● WHAT YOU ARE ASKED TO DO
Copy each line of the records below that has "brief" in it.

--------------------------------

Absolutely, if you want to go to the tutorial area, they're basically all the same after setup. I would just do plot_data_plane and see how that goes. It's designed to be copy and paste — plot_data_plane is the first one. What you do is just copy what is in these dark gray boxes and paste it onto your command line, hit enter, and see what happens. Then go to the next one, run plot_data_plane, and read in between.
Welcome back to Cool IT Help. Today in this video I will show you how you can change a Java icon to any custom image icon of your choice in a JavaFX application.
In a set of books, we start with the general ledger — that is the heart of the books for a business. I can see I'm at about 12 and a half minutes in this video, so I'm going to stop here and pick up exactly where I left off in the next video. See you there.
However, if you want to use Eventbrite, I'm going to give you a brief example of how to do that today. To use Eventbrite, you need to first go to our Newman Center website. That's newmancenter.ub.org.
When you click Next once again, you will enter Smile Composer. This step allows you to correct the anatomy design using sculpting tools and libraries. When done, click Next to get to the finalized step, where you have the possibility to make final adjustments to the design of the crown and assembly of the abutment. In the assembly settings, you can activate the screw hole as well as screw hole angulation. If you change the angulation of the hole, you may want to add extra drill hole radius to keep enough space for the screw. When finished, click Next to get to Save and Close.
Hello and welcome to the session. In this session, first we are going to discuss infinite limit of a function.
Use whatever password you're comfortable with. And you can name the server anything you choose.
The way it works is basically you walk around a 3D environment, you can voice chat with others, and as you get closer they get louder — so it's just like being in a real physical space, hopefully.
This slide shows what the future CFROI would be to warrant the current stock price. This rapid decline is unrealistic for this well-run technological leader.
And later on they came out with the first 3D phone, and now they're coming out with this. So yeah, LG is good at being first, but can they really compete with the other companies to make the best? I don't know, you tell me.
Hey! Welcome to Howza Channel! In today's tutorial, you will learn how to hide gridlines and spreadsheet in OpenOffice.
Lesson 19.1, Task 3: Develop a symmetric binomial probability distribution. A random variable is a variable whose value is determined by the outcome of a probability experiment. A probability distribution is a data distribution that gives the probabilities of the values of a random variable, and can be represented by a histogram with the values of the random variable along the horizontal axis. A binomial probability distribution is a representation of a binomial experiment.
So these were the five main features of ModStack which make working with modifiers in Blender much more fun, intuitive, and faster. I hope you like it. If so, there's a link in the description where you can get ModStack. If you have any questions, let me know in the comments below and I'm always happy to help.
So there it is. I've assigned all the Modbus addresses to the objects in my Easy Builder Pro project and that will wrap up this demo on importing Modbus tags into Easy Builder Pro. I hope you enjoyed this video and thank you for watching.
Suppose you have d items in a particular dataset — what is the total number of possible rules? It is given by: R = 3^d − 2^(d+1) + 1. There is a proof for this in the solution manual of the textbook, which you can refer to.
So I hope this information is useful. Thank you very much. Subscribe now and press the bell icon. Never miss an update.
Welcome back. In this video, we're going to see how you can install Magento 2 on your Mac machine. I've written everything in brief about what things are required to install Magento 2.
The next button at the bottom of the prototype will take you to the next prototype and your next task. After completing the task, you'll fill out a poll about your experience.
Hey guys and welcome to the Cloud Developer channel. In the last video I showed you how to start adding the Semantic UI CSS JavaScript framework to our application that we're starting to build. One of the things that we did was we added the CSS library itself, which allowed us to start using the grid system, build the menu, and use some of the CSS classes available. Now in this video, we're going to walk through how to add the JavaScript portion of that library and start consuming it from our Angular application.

--------------------------------

● RESPONSE
However, if you want to use Eventbrite, I'm going to give you a brief example of how to do that today. To use Eventbrite, you need to first go to our Newman Center website. That's newmancenter.ub.org.
Welcome back. In this video, we're going to see how you can install Magento 2 on your Mac machine. I've written everything in brief about what things are required to install Magento 2.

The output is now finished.